In respect of Gaslow, I have had a total of three leaks with three Gaslow systems. Well, the first system was leak free, the second system had two leaks and the third system had a leak!

R

Saying all that, I do like the concept.


----------



## maddie (Jan 4, 2006)

Hi from the cheap seats :lol: they have a non return valve fitted into the bottle bit so you can take off the filling hose and of corse turn the other valve off enabling you to remove the bottle.Hope this helps :lol: but if unsure about it don't mess BOOM BOOM :lol: :wink: 
TERRY


----------



## Pusser (May 9, 2005)

All my gas shot out from god knows where when in France and although the gas was turned off at the bottles, the missus was still boiling the kettle. 8O 

It took about 2 hours for the gas to stop leaking out but I could not work out where it came from so I called up Chelston who fitted it and they came straight back to me with two Gaslow agents near to me in Brittany.

But as hols were coming to an end I decided to stay gasless until I got back to UK and then rang up Gaslow.

A very nice man came down and changed the bottles for a new type made from a new manufacturer as I understand. It appears from what I have picked up that the old type bottles had some problems caused by the company building them and I understand that the new ones coming out from a new supplier are virtullly trouble .... BANG...(sorry to frighten you. I was having a little joke  ) free.

There is a shortage of new bottles I understand but I think I would make it a priority to get them.


----------



## exmusso (Jun 18, 2006)

*Gaslow Problems*

I had a similar problem with my Gaslow bottle when in Portugal.

The gas at the hob was very low so I changed over the manual changeover to my BP Gaslight cylinder and all was well.

I later went to top up the Gaslow bottle and it only took about 7 litres.

On investigation, both the Gaslow and BP Gaslight perform faultlessly when hooked straight on to the regulator.

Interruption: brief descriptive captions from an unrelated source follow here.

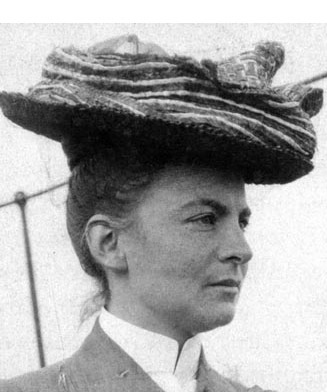 Helene Kröller- Müller, Dutch art collector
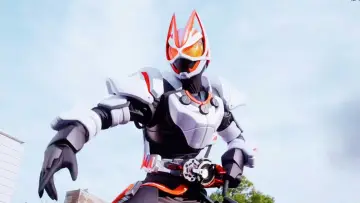 Задник к сериалу "仮面ライダーギーツ" #1660271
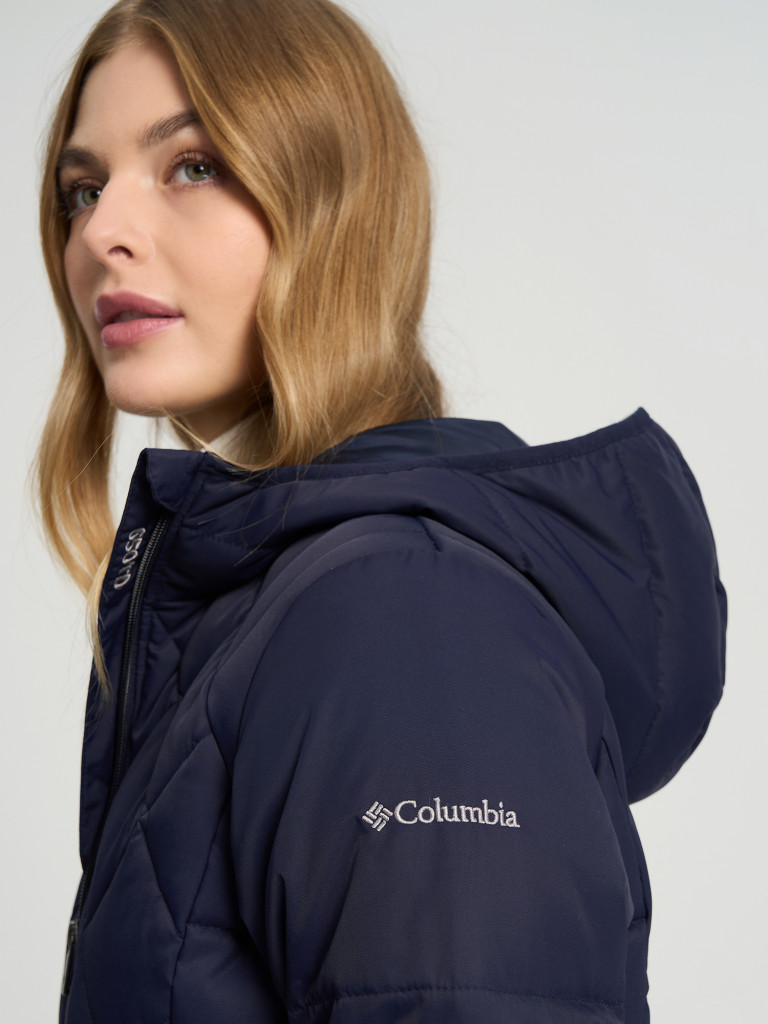 Пуховик женский Columbia Ashbury Down II Jacket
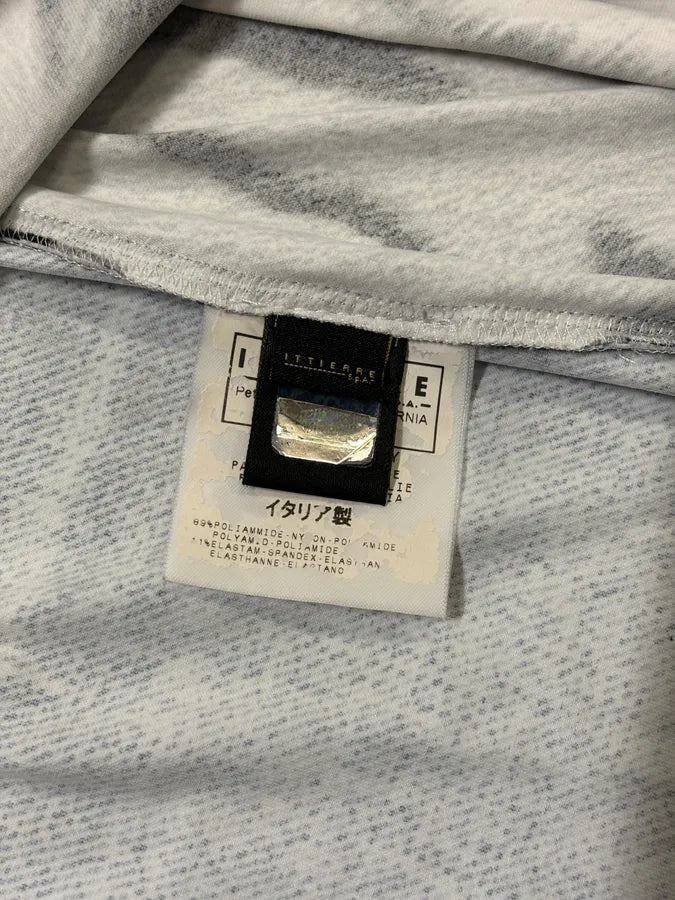 2000s Cavalli Zebra Safari Blue & White Savage Dres QeMeDUb 6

I've since found out that there have been faulty manual changeover valves and since I got mine at the York show, looking to get a replacement under warranty.

At the moment, I've just got the Gaslow straight on to the regulator but I've had to replace the W20 washers as they don't like being removed/replaced.

Cheers,
Alan


----------



## davesport (Nov 12, 2006)

For the time being I'm at an Impasse. The LPG penetrations into the bottles do not appear to have any non return valves fitted. As soon as I crack the connection at the bottle neat LPG is spilling out 8O 

Looks like a call to Gaslow on Monday.

Any advances ?

Dave.


----------



## maddie (Jan 4, 2006)

Hi Dave,are you letting the gas escape enough? it will have some in the pipeline but not that much.It deffo should have a non return valve / autoshut off -- weather it is working ia another matter -- If it is not working the bottles are g/teed for 15 yrs :wink: get them replaced under this :lol: 
lppk at Gaslows web site it says on there about g/t AND non return valve 
If you cannot find the info let me know and I shall C&P it on here for you.
yours from the cheap seats :lol: terry


----------



## maddie (Jan 4, 2006)

http://www.gaslow.co.uk/pdf/INSTRUC_inside_UK.pdf
look at TRANFERING REMOVING,BOTTLES just after the m/h timberland pics
terry


----------



## davesport (Nov 12, 2006)

Right, I'm back. 

Thanks for the assistance especially from the cheap seats at the back :lol: 

Once I got a bit peace & quiet I removed the bottles one at a time with the filling lines still attached. I weighed the bottles on Mrs Davesport's extra heavy duty scales . 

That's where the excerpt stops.